[Available data]

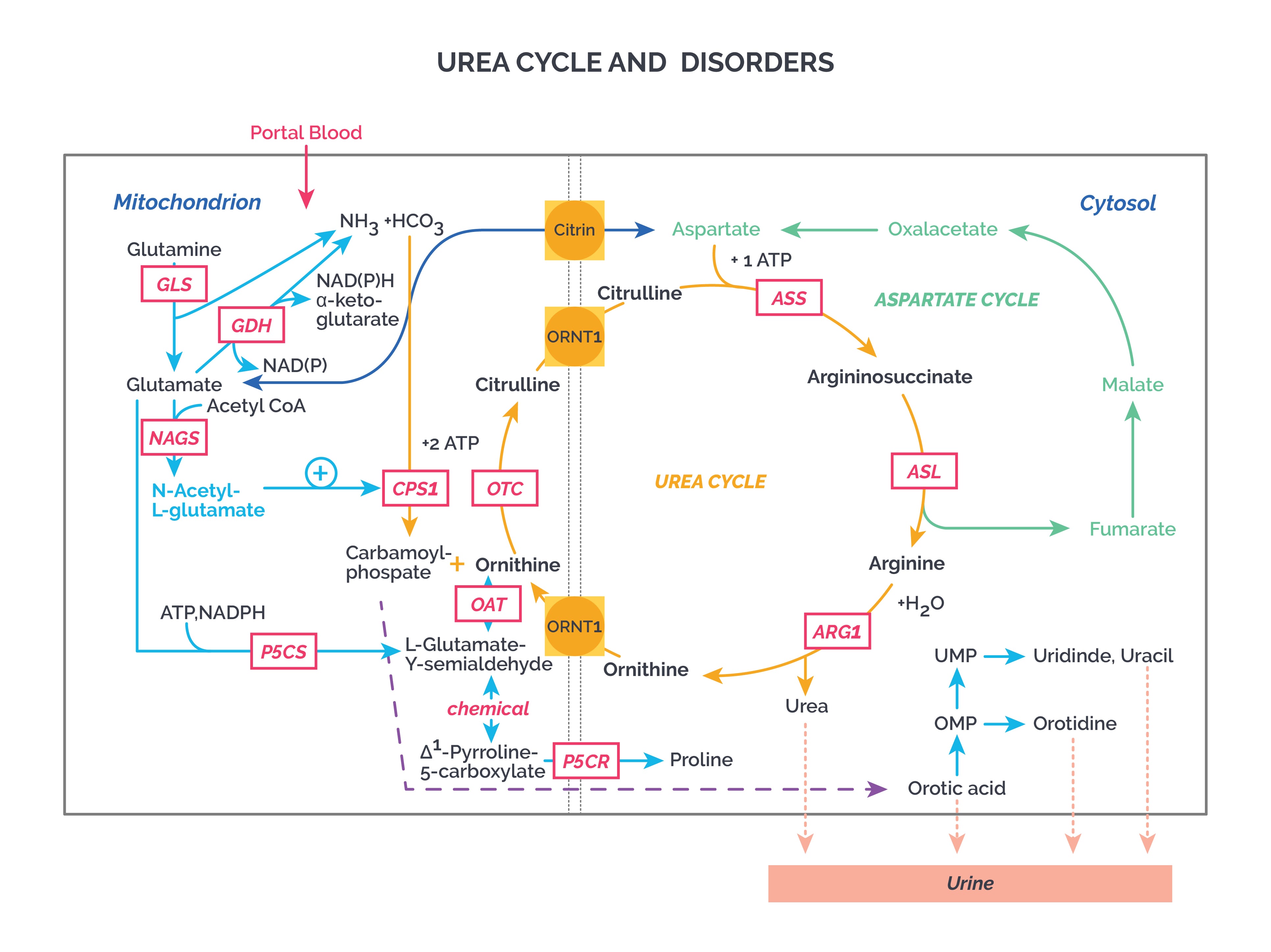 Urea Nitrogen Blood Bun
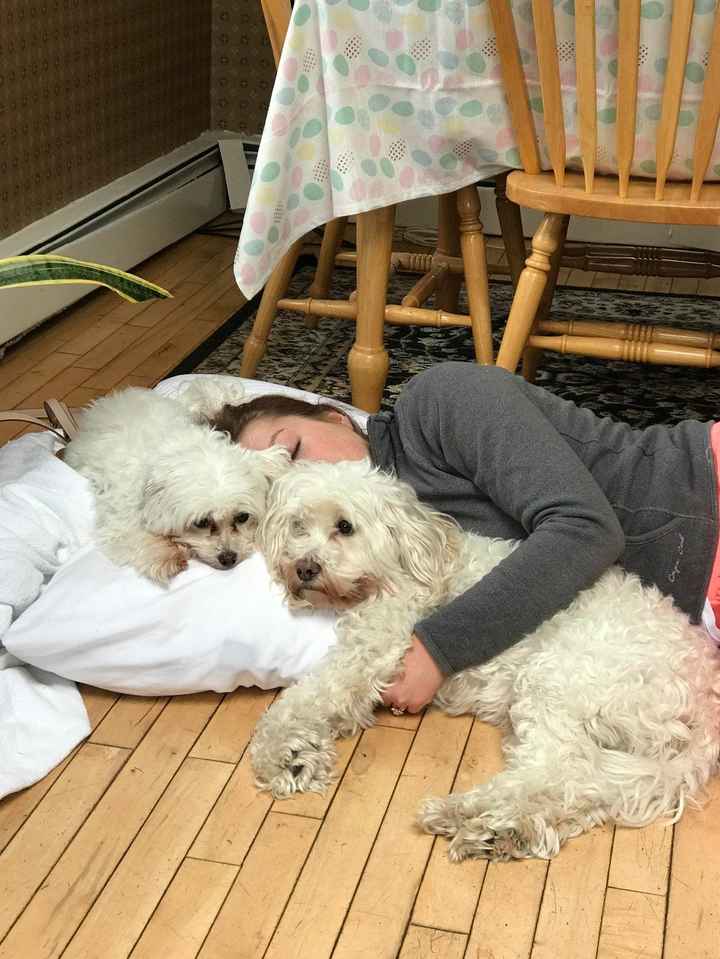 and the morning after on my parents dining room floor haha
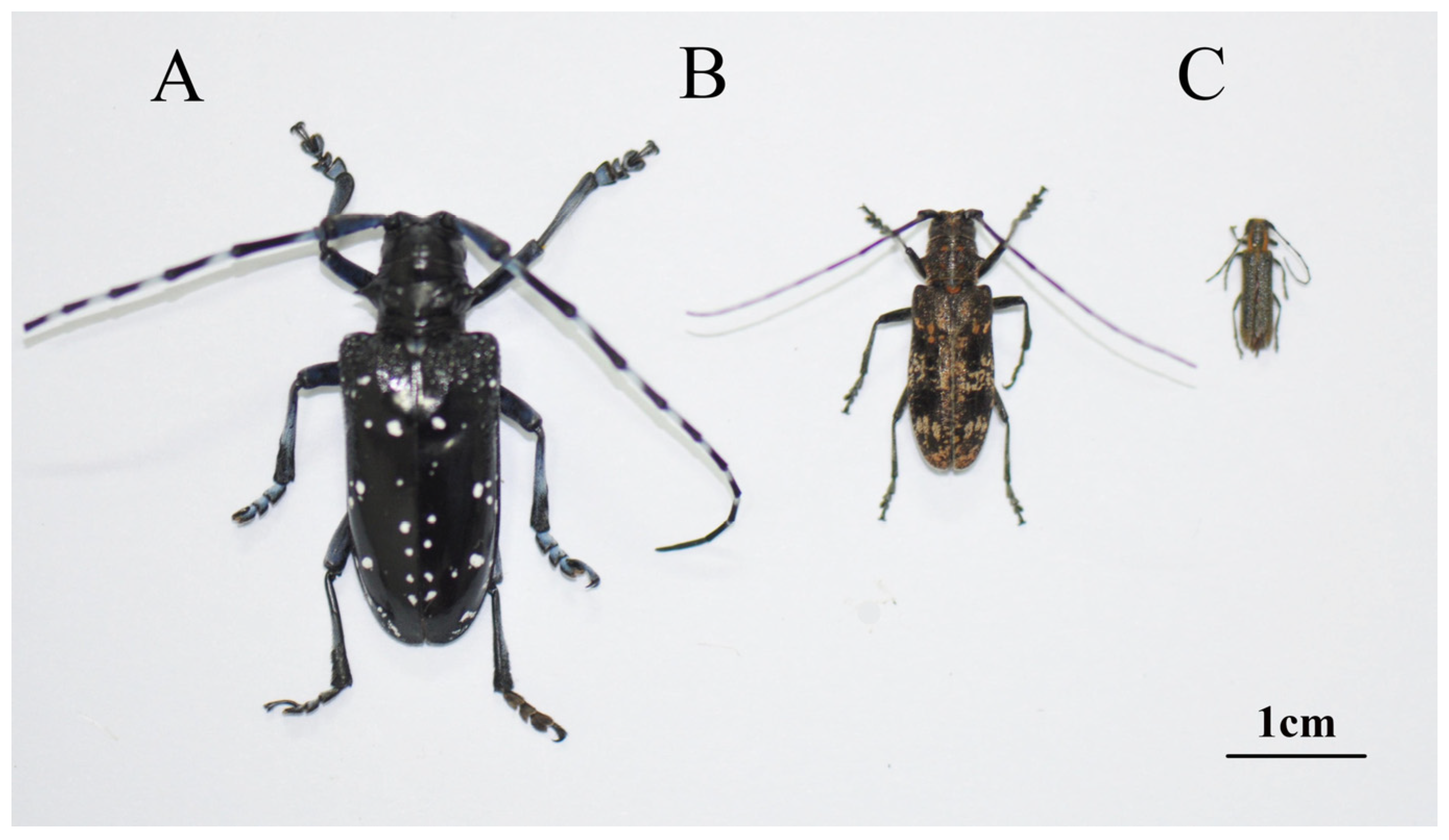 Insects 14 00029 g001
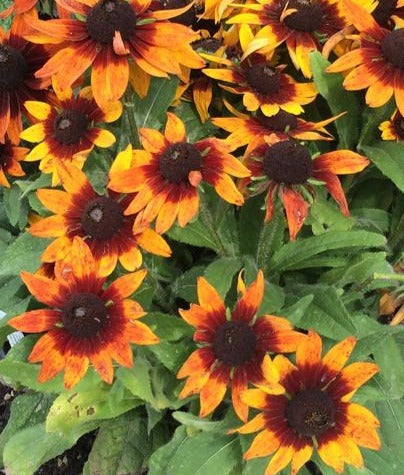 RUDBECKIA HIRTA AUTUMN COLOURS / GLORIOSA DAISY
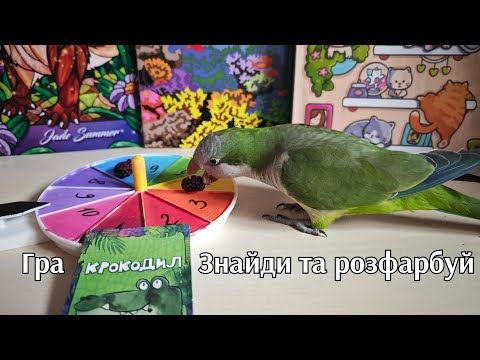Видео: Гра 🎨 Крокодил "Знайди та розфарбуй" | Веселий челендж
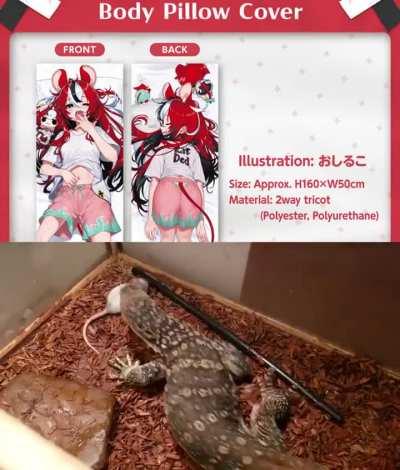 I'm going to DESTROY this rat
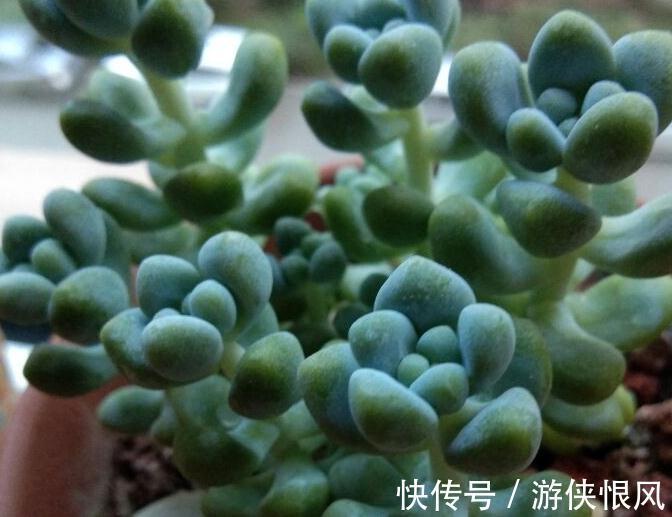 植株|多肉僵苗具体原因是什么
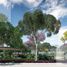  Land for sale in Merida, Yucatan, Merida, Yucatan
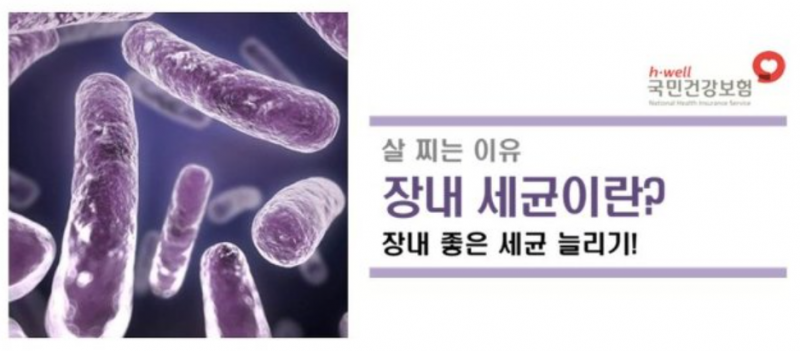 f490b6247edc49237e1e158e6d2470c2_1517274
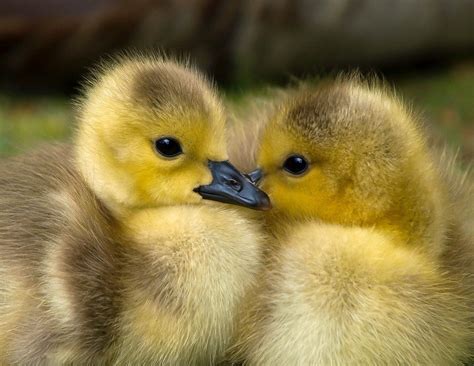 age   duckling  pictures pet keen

[/Available data]

> [Action item] Restate the preceding entries in full, word for word, with the pictures removed.

> [Solution for this task]
 Urea Nitrogen Blood Bun
 and the morning after on my parents dining room floor haha
 Insects 14 00029 g001
 RUDBECKIA HIRTA AUTUMN COLOURS / GLORIOSA DAISY
Видео: Гра 🎨 Крокодил "Знайди та розфарбуй" | Веселий челендж
 I'm going to DESTROY this rat
 植株|多肉僵苗具体原因是什么
  Land for sale in Merida, Yucatan, Merida, Yucatan
 f490b6247edc49237e1e158e6d2470c2_1517274
 age   duckling  pictures pet keen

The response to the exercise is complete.